Halfway through Saturday’s card, the various television outlets were in full Hollie mode. She won the first two races on Trueshan (by miles in the Stayers) and thrillingly by a nose on Glen Shiel (Sprint) before finishing a creditable second on Dame Malliot behind the highly-talented Wonderful Tonight, trained by David Menuisier in the fillies’ and mares’ race. Had the finishing order been reversed you could have imagined Frankie Dettori, already tailed off on Stradivarius in the opener and destined to share in Palace Pier’s first career defeat later on, wondering what was going on. Ascot’s supposed to be his private venue, but sorry Frankie, even Peter Pan had to grow old one day.

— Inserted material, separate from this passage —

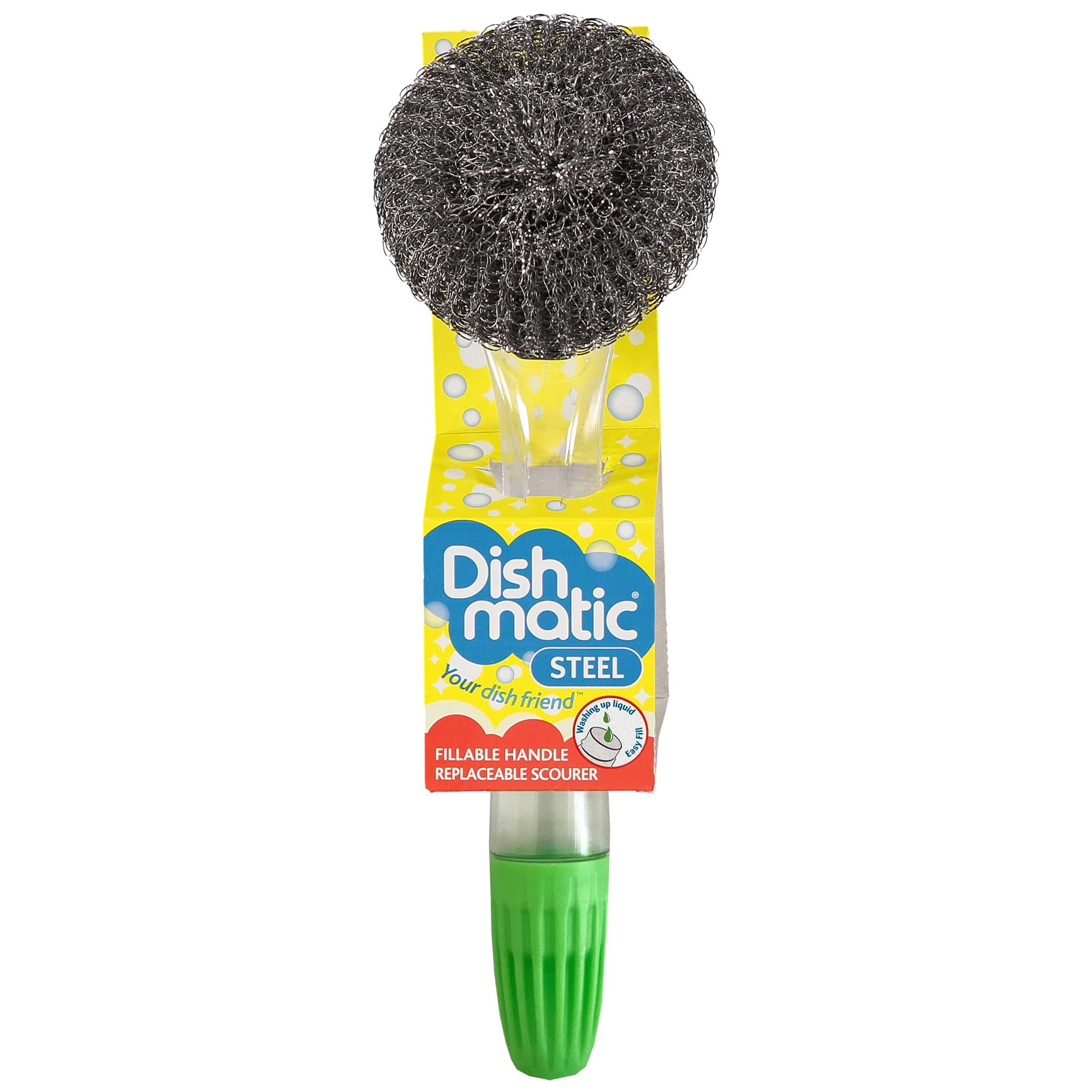 2 x Dishmatic Steel Scourers for cleaning BBQ's, Grills, Hot Plates, Steel Pots & Pans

As it turned out, Glen Shiel was her final win, but after a brief break in the changing room while Palace Pier was struggling into third behind The Revenant in the Queen Elizabeth II Stakes, she picked up lesser cheques, for sixth in the Champion Stakes on Extra Elusive for her new boss Imad Sagar, and another second on Sir Michael Stoute’s Solid Stone in the Balmoral Handicap which closed the show.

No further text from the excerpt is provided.